I started reading J.M. Coetzee’s (Wikipedia tells me it’s a common Afrikaans name pronounced “kut’se”) book ‘Disgrace’. Coetzee is the recipient of the Nobel prize for Literature in 2003 and the Booker Prize in 1999.
The book ‘Disgrace’ is about a 52-year old professor at a Cape Town university who has an affair with a student that goes sour. It’s a beautifully written book with a humanistic approach, a multilayered masterpiece, so I’ll give you an excerpt that really hit me last evening.
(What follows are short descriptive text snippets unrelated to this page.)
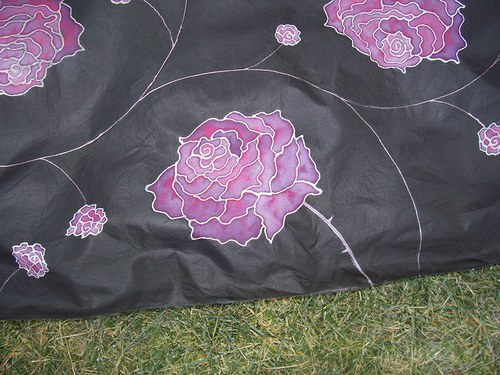 Hedvábný šál - Purpurová růže — foto 4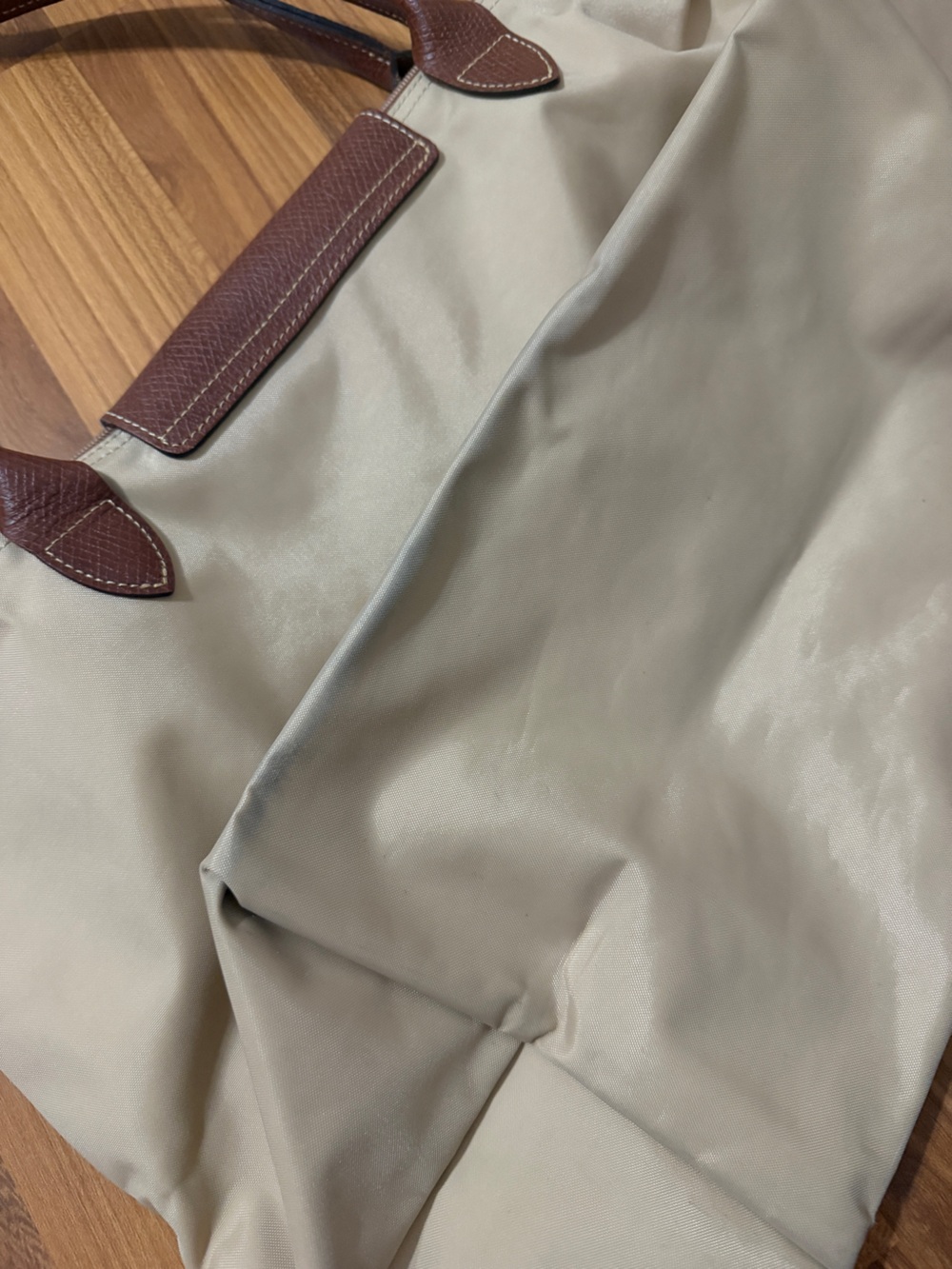 Longchamp Le Pliage Large Tote Beige with Brown - Picture 5 of 7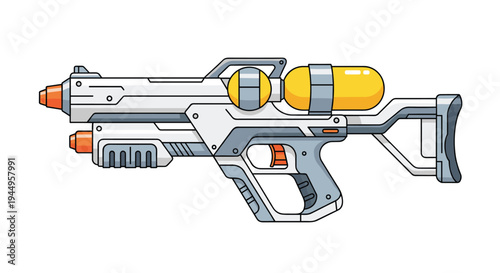 Detailed illustration of a futuristic high-tech water gun or sci-fi weapon in white and orange colors with a yellow pressure tank.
Intro: The Professor used to teach Classics and Modern Languages at the university, but that faculty has been closed down and so he stays on as a redundant Communications professor; a job for which he has no love, and so fails to inspire any in his students. Soraya is a prostitute, a moralistic prostitute, he visits every Thursday afternoon:-
He continues to teach because it provides him with a livelihood; also because it teaches him humility, brings it home to him who he is in the world. The irony does not escape him: that the one who comes to teach learns the keenest of lessons, while those who come to learn learn nothing. It is a feature of his profession on which he does not remark to Soraya. He doubts there is an irony to match it in hers.
ioannis
/ 3 July, 2009Ive read one of his books. He’s a good author.